His next picture, O Brother, Where Art Thou?, will be “a serious commentary on the conditions that confront the common man,” Sullivan insists. It’s the perfect set-up for the finest work of brilliant director/screenwriter Preston Sturges.

To get background for his epic, Sullivan dons “old clothes” from his studio’s wardrobe and sets off into the real world with only one thin dime in his pocket. “And I’m not coming back until I find out what trouble is!” he tells the suits, already contemplating shadowing their meal ticket with a “land-yacht monstrosity,” a fully-staffed bus with kitchen, bed and bath facilities. Before he departs, Sullivan’s valet (Eric Blore) warns him, “Poverty is not about the absence of riches. It’s a plague, virulent in itself, as contagious as cholera, full of filth, criminality and despair.”

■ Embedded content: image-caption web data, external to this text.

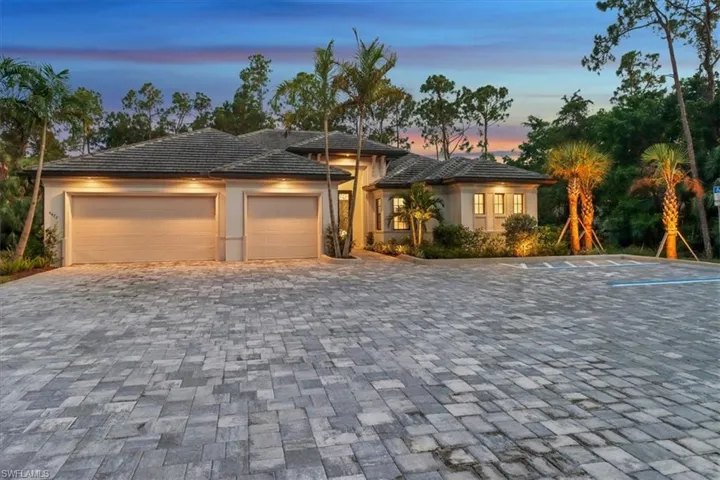 View of front of house featuring a garage, stucco siding, and decorative driveway
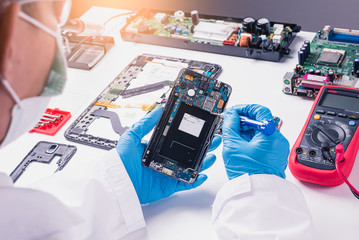 The abstract image of the technician assembling inside of smartphone by screwdriver in the lab. the...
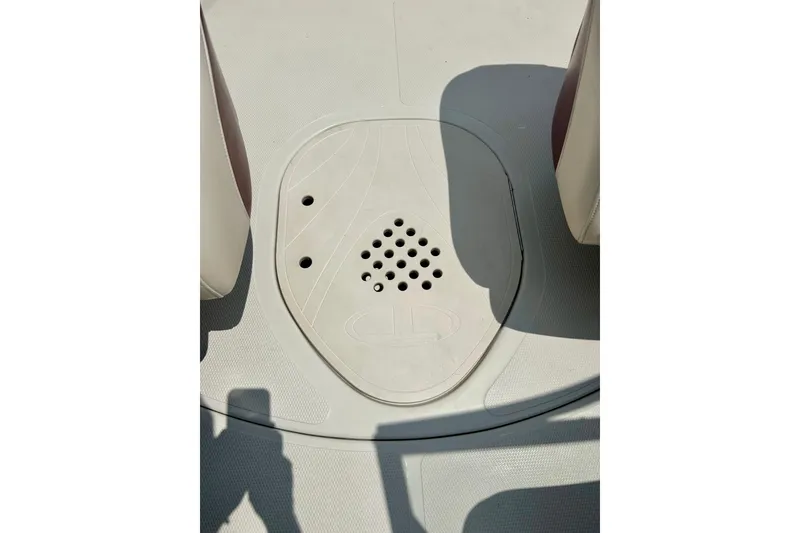 Slide: The Image of 2013 Tahoe Q4i boat deck with drainage holes and shadow. - 11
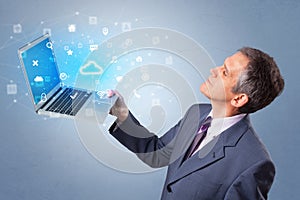 Man holding laptop with cloud based system notifications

Sullivan strikes gold immediately by wandering into an owl wagon, an all-night diner, where “the girl,” a down-on-her-luck Veronica Lake, treats him to a 35-cent plate of ham and eggs. Only 19 at the time, the ravishing Lake—with her trademark “peekaboo” hairstyle—asks to accompany Sullivan on his journey once he confesses he’s not just the average working stiff. “I know 50 times as much about trouble as you ever will. Take me with you,” she says in the sultry manner that would serve as the prototype for Lauren Bacall’s 1944 film debut with Humphrey Bogart in To Have And Have Not.

With Lake’s platinum locks tucked under a floppy cloth cap, the pair drives Sullivan’s limo to a likely spot where desperate men might hop the next freight train. “Let’s just sit here and feel like a couple of tramps,” says Sullivan, breathing hard after clambering onto a boxcar with all the aplomb of Stan Laurel and Oliver Hardy.

After soaking up the poverty experience, Sullivan and the girl triumphantly return to Hollywood. A naive Sullivan decides to hand out $5 bills one night to thank the homeless. One of the tramps steals all his cash and drags his unconscious body into a boxcar headed towards the Deep South. When he awakens without a safety net, John L. Sullivan will discover what being poor is really all about.